Ultimate Cloning produces the highest-fidelity voice reproduction available in VoxCPM2. The key difference from Controllable Cloning is the addition of a transcript of the reference audio — this lets the model treat the reference clip as a preceding audio context rather than just a style guide. The result is a near-seamless continuation of the original speaker’s vocal identity.

When to use Ultimate Cloning

High-stakes production where the speaker’s exact vocal identity must be preserved (documentaries, narrative podcasts, author-voiced book summaries)
Any project where Controllable Cloning produces output that sounds “similar but not quite right”

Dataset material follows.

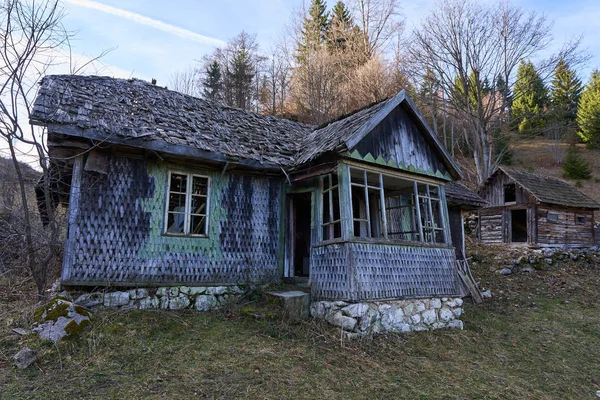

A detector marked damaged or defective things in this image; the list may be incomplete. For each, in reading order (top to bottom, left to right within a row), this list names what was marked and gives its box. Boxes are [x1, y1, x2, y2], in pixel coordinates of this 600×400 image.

broken window [165, 171, 210, 234]
broken window [322, 173, 340, 241]
broken window [346, 166, 446, 244]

Full workflow: How to use Ultimate Cloning

Step 1 — Prepare and upload your reference audio Same as Controllable Cloning — 10–50 seconds of clean audio. Longer reference clips with accurate transcripts produce the best similarity scores.

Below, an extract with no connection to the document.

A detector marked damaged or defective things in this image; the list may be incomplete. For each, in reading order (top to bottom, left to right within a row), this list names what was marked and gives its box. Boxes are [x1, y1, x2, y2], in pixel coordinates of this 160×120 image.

Step 2 — Transcribe the reference clip Click the auto-recognition button in the transcript field to generate a transcript automatically, or type it manually for highest accuracy. The transcript must be word-for-word — even small mismatches reduce output quality.

Example:
Reference audio contains: “Hi everyone, welcome to today’s episode. I’m really glad you’re here with us.”
Transcript field should read: Hi everyone, welcome to today's episode. I'm really glad you're here with us.

Step 3 — Enter the new target text Paste the new script you want the cloned voice to speak. This can be entirely different from the reference content.

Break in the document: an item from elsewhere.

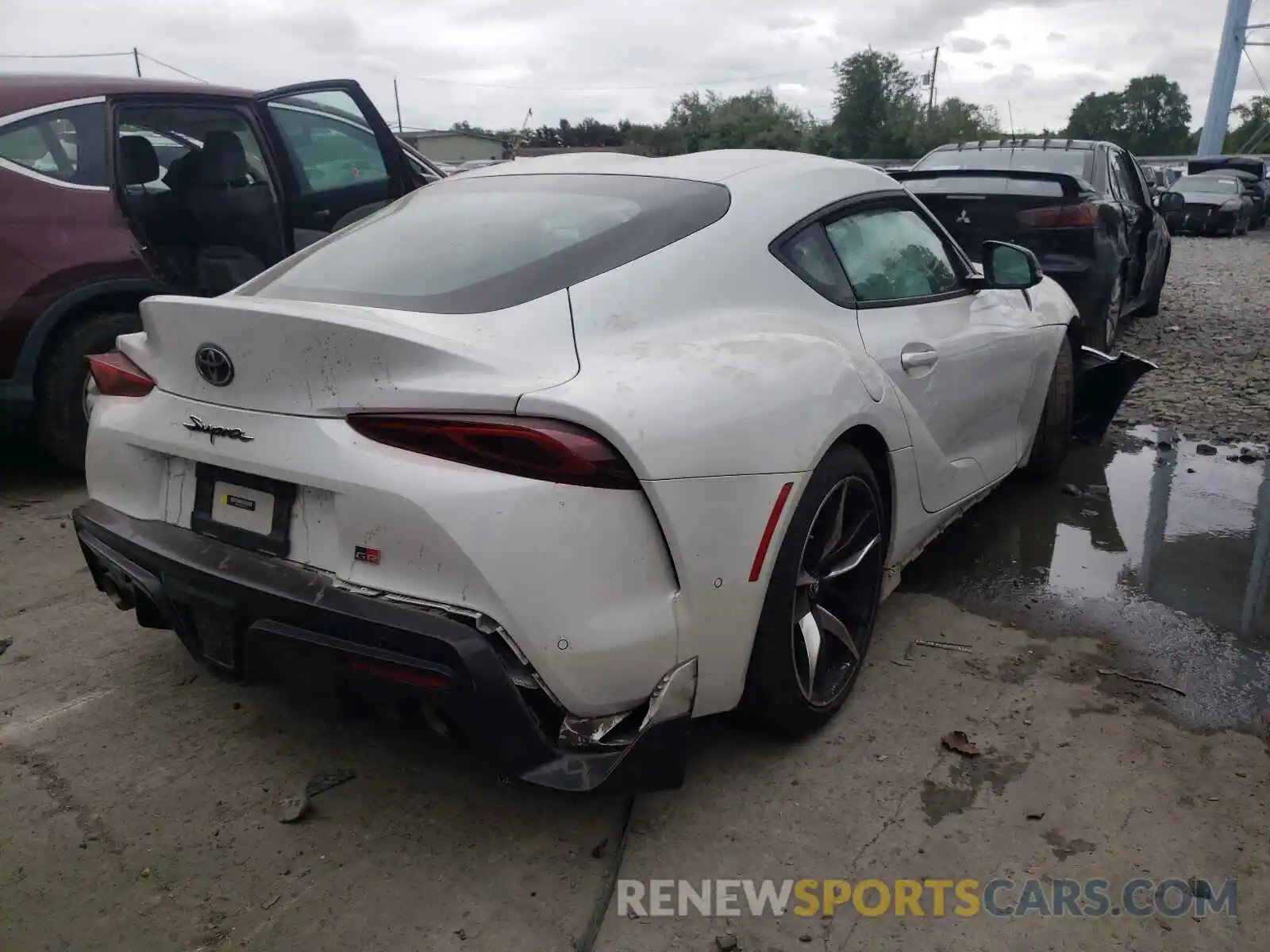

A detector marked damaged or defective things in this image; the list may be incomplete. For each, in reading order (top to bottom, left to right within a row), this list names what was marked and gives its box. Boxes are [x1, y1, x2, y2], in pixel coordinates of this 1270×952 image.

damaged rear bumper [1080, 347, 1156, 444]
damaged rear bumper [71, 501, 695, 793]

Step 4 — Click Generate VoxCPM2 uses the reference audio + transcript together as a continuous audio context, then generates the new script as a natural continuation — preserving rhythm, breath patterns, and micro-expressions that Controllable Cloning alone cannot guarantee.

How to Use VoxCPM2 for Multilingual Content

One of VoxCPM2’s most practical features is automatic language detection across 30 languages. You don’t need to set a language flag, select a different model, or switch checkpoints — paste text in any supported language and VoxCPM2 handles the rest.

Supported languages include: Arabic, Burmese, Chinese (Mandarin + 9 dialects including Cantonese 粤语, Shanghainese 吴语, Sichuanese 四川话), Danish, Dutch, English, Finnish, French, German, Greek, Hebrew, Hindi, Indonesian, Italian, Japanese, Khmer, Korean, Lao, Malay, Norwegian, Polish, Portuguese, Russian, Spanish, Swahili, Swedish, Filipino, Thai, Turkish, and Vietnamese.

Cross-lingual voice cloning workflow

A particularly powerful use case: clone a voice from a 10-second English clip, then generate speech in Japanese, Spanish, or French.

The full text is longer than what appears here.